Autentico splendore barocco nell’Armida di Traetta, datata al 1760, e apparsa a Martina Franca in prima esecuzione nei tempi moderni. Un esempio eccelso, questo sì, di teatro musicale, per la qualità della musica, e per la sua perfetta interazione drammaturgica con il libretto che Giovanni Ambrogio Migliavacca seppe riadattare dall’illustre originale di Philippe Quinault. Tommaso Traetta, che in suoi lavori successivi offrirà importanti contributi alla riforma settecentesca del melodramma, esibisce qui, oltre alla sapienza orchestrale, una scrittura vocale di stupefacente proprietà. Ed ecco emergere l’impeccabile prova del mezzosoprano Marina Comparato, nei panni maschili di Rinaldo, all’epoca affidati a un castrato; una specialista di questo repertorio, e non solo, che è apparsa una spanna sopra gli altri interpreti, per la lezione di tecnica, stile, gusto che ha saputo sfoggiare in più occasioni di estremo impegno. Volenterosa, e chiamata a vari momenti di coloritura acrobatica Roberta Mameli, soprano, interprete di Armida. Ma arie così lunghe, difficili, impegnative, esigono una tecnica e uno stile che non sono mai apparsi, spiace osservarlo, all’altezza della situazione, con esiti disomogenei nei colori e nell’espressività. Modesto l’Idraote di Leonardo Cortellazzi; onorevoli le prove di Federica Carnevale, Fenicia, e Maria Meerovich, Artemidoro. Direttore d’orchestra era Diego Fasolis, attento al dosaggio dei coloriti dinamici e alle esigenze espressive della concertazione. Approssimativa la soluzione scenica di Nelson Willmotte, fatta di cubi scale e parallelepipedi, nella quale non ha convinto la regia di Juliette Deschamps.
Rimane da dire del “divertimento drammatico” di Agostino Steffàni, La lotta di Ercole con Acheloo, datato al 1689, spettacolo magnificamente riuscito grazie a una compagnia di giovani interpreti. Il progetto è stato infatti preparato dall’Accademia di Belcanto “Rodolfo Celletti”, affiliata alla Fondazione Paolo Grassi, e ne ha messo in luce l’ottimo lavoro, allestito nel chiostro di San Domenico, spazio contenuto ma di profondo effetto.
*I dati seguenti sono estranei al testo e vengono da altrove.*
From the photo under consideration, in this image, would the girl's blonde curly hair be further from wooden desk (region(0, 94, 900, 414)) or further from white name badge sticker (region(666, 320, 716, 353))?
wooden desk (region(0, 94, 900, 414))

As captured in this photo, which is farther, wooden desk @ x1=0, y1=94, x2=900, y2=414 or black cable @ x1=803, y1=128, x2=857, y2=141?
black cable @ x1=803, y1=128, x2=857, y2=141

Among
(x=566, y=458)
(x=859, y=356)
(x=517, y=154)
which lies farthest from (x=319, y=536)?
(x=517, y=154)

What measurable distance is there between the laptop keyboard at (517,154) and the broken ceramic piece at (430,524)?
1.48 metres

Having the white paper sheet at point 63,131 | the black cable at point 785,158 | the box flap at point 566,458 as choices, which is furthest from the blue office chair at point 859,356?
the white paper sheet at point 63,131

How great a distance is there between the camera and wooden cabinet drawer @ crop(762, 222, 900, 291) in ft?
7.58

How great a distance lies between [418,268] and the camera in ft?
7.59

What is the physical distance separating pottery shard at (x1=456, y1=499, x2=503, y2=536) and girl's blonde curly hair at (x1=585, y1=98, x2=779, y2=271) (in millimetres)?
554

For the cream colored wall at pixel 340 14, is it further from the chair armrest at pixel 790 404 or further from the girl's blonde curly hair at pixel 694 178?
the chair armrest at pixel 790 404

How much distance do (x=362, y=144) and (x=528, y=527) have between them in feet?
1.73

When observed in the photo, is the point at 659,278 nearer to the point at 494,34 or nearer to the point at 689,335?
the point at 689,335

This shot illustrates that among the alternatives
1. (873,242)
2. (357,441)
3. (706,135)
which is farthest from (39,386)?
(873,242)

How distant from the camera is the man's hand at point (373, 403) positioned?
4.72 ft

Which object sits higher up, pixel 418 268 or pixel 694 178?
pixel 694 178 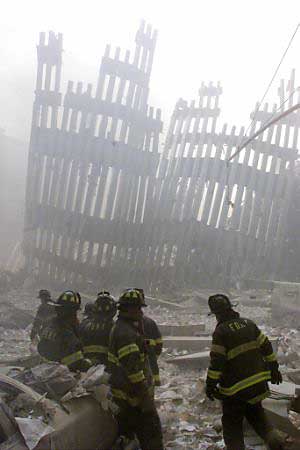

Qui Antonio Greco ha diretto con grande cura gli strumentisti dell’Ensemble Barocco del Festival, nonché le voci di Dara Savinova, Ercole, Federica Pagliuca, Deianira, e dei controtenori Riccardo Angelo Strano, Acheloo, e Aurelio Schiavoni, Eneo. La regia di Benedetto Sicca ha risolto molto bene il movimento dei personaggi, con raffinata proprietà e varietà di idee, e giovandosi anche della comprovata bravura di danzatori e mimi della Fattoria Vittadini. Il tutto su scene di Maria Paola Di Francesco, costumi di Manuel Pedretti, luci di Giuseppe Calabrò. Una produzione nata in seno proprio al Festival della Valle d’Itria e alle sue articolazioni didattiche e scientifiche, calorosamente premiata dal pubblico. Degno suggello di un panorama di attività, e di varie altre serate concertistiche, che hanno onorato al livello più alto l’importante compleanno del Festival stesso.